Located in the heart of the post-war Brutalist Barbican development is the second largest conservatory in London.
Designed by the complex’s architects Chamberlin, Powell and Bon, the 23,000 square foot steel and glass conservatory – only bested in size by the Princess of Wales Conservatory at Kew Gardens – was planted in the early 1980s and opened in 1984.
It now houses some 1,500 species of plants and trees from areas as diverse as the bushland of South Africa to the Brazilian coast.
Among the species on show are the tree fern and date palm as well as the Swiss cheese plant and coffee and ginger plants.
The conservatory also features pools containing koi, ghost, and grass carp from Japan and America, as well as other cold water fish such as roach, rudd, and tench and terrapins. An Arid House attached to the east of the conservatory features a collection of cacti, succulents and cymbidiums (cool house orchids).

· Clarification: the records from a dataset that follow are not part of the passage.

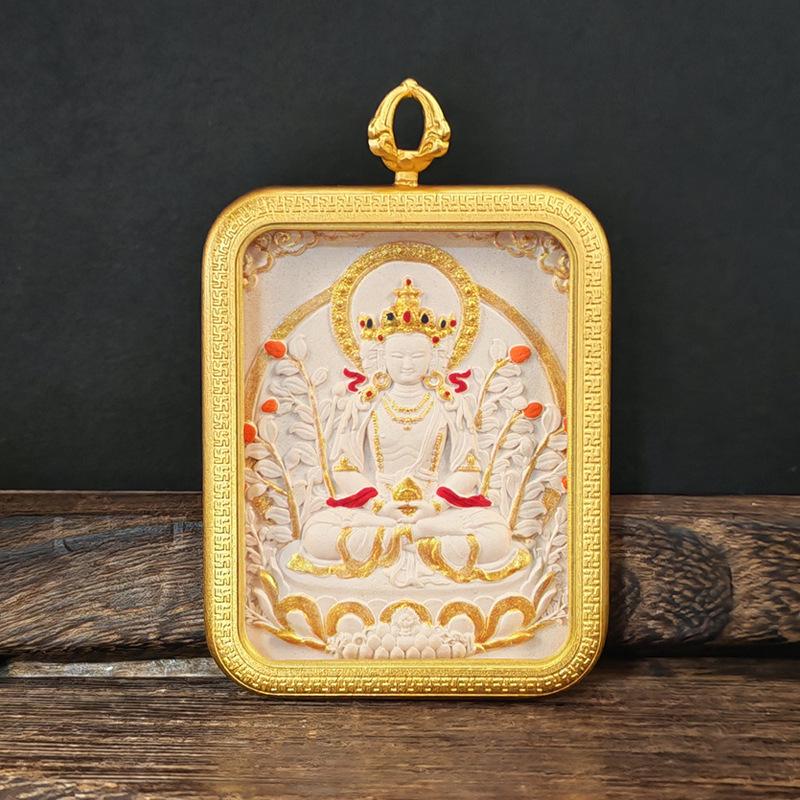 Tibetisches Grünes Tara & Gelbes Jambhala Amulett: Titanstahl Medizin Buddha Anhänger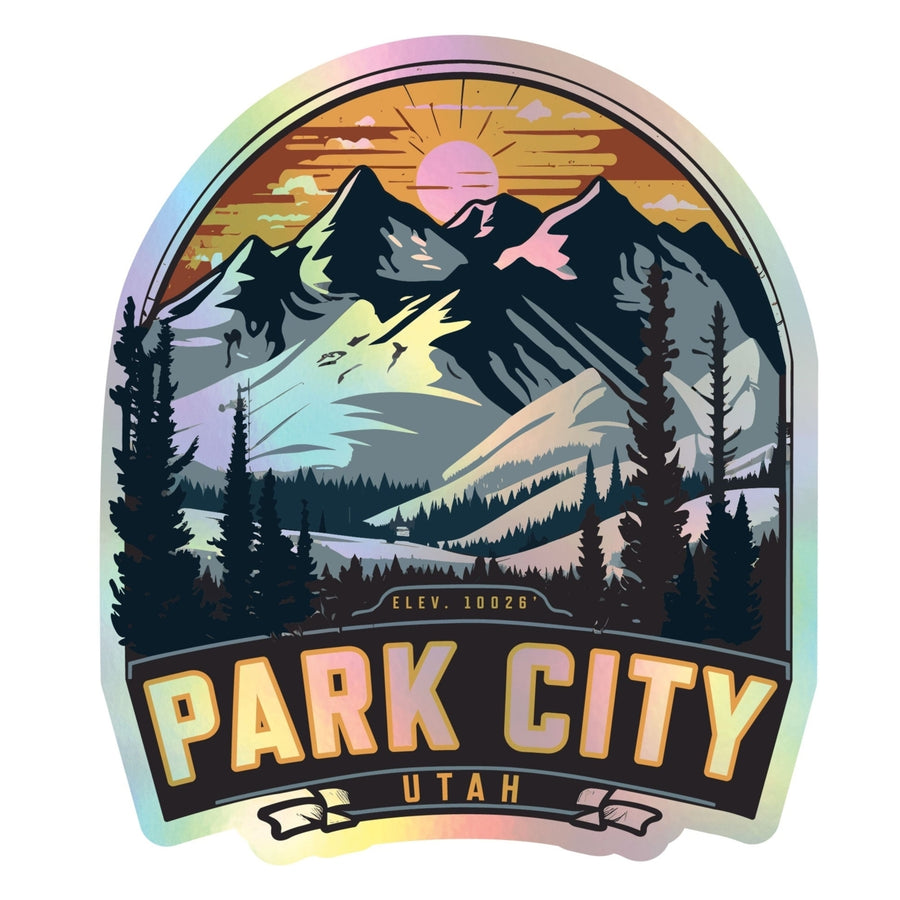 Park City Utah Holographic Charm Durable Vinyl Decal Sticker B Image 1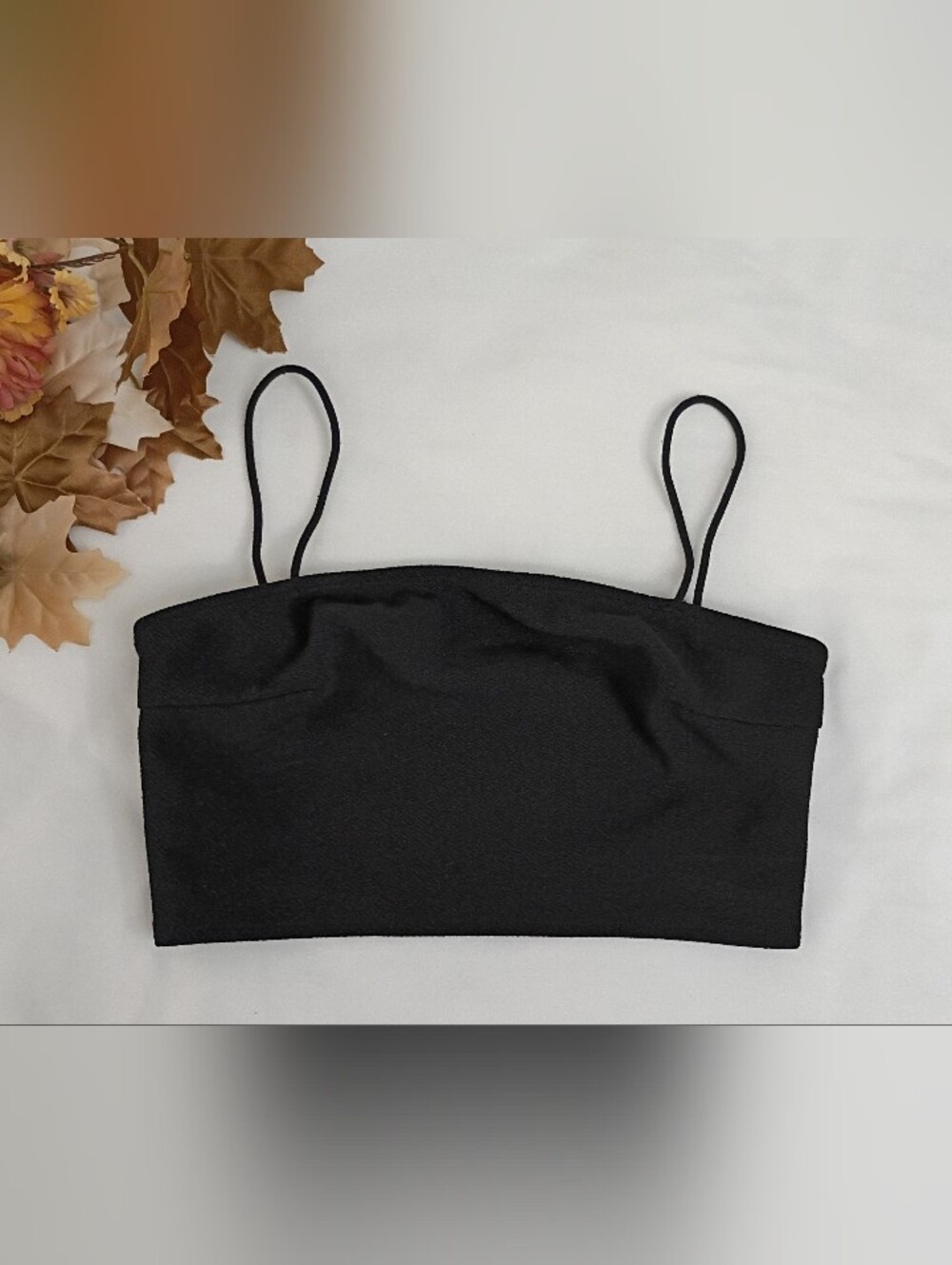 SHEIN Petite XS Black Thin Strap Crop Top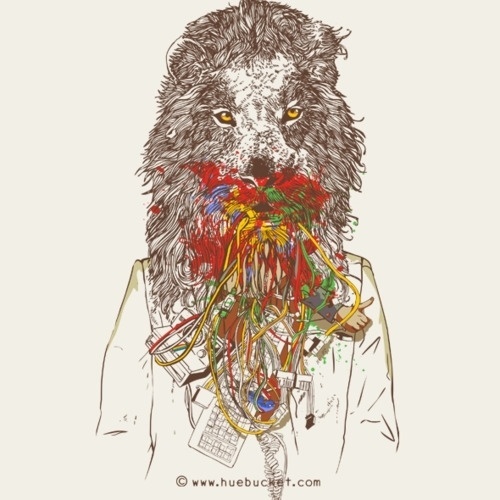 HUEBUCKET #blood #instagram #lion #eat #feed #facebook #internet #twitter #meal #social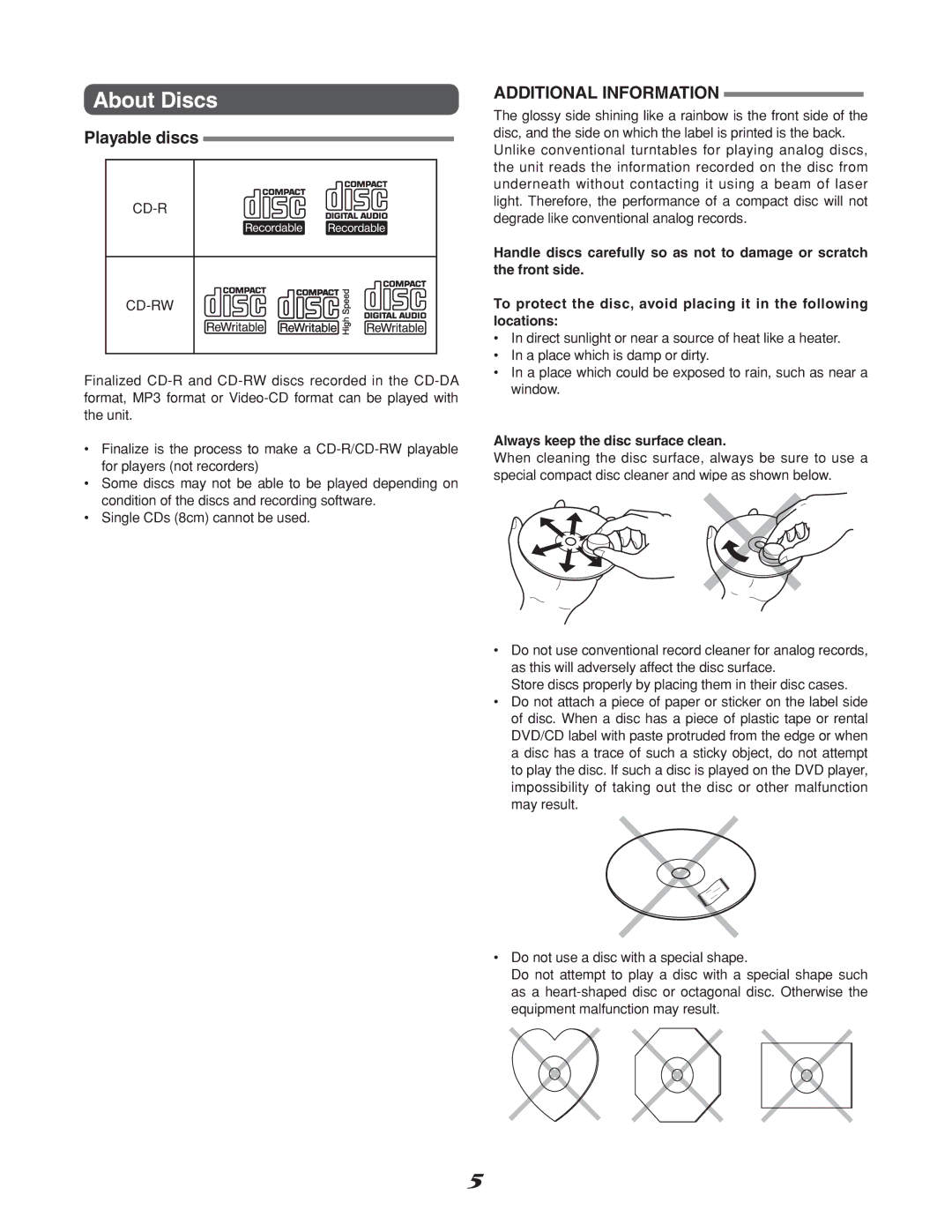 Marantz CD Recorder, CDR310 manual About Discs, Playable discs, Always keep the disc surface clean 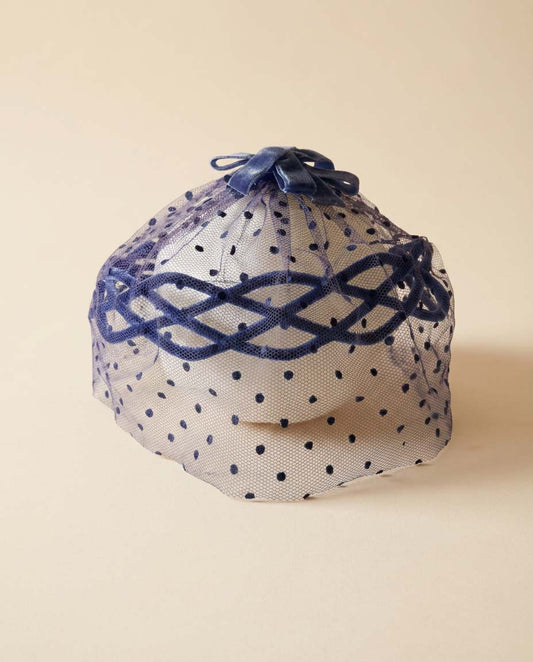 1950s Blue Velvet cake and & Polka Dot Veil Halo Hat – Elegant Mid-Century Cocktail Fascinator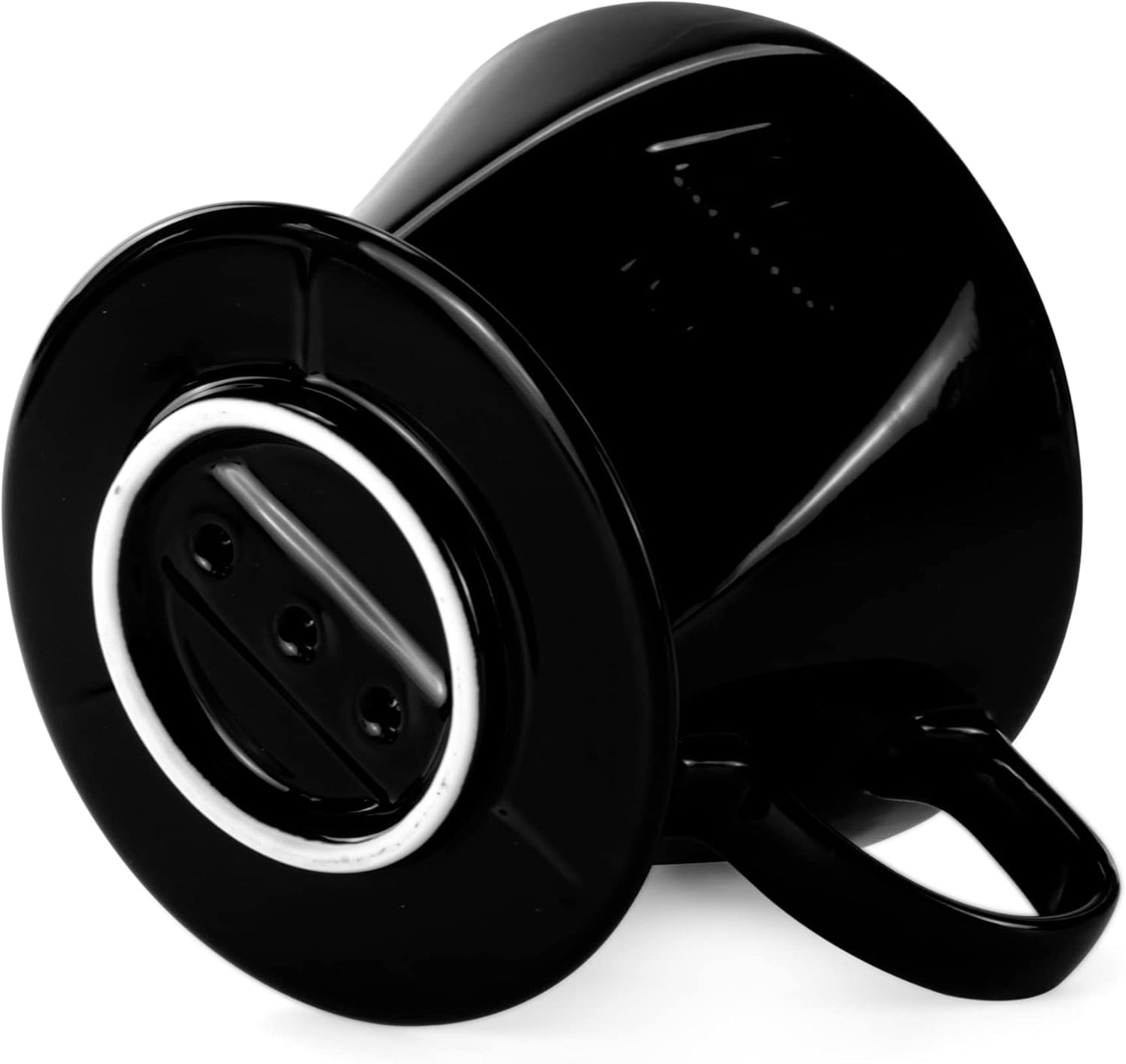 Pour Over Ceramic - Coffee Dripper Ceramic Coffee Maker with 3 Holes Flat Bottom, Porcelain Slow Filter Cone for Travel, Camping, Office, Home, Coffee Maker Brew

The conservatory is just one of several distinct gardens at the Barbican complex. These include water gardens located in the midst of lake which feature a range of plants growing in the water itself as well as in a series of sunken pods which are reached by sunken walkways.
Since 1990 the estate has also been home to a wildlife garden which, boasting ponds, a meadow and orchard, is home to more than 300 species including the Lesser Stag Beetle and House Sparrow.
WHERE: The Barbican Conservatory, Barbican Centre, Silk Street (nearest Tube stations are Barbican, Farringdon and Liverpool Street; WHEN: Selected days, from 12pm (check website to book tickets); COST: Free; WEBSITE: www.barbican.org.uk/whats-on/2022/event/visit-the-conservatory.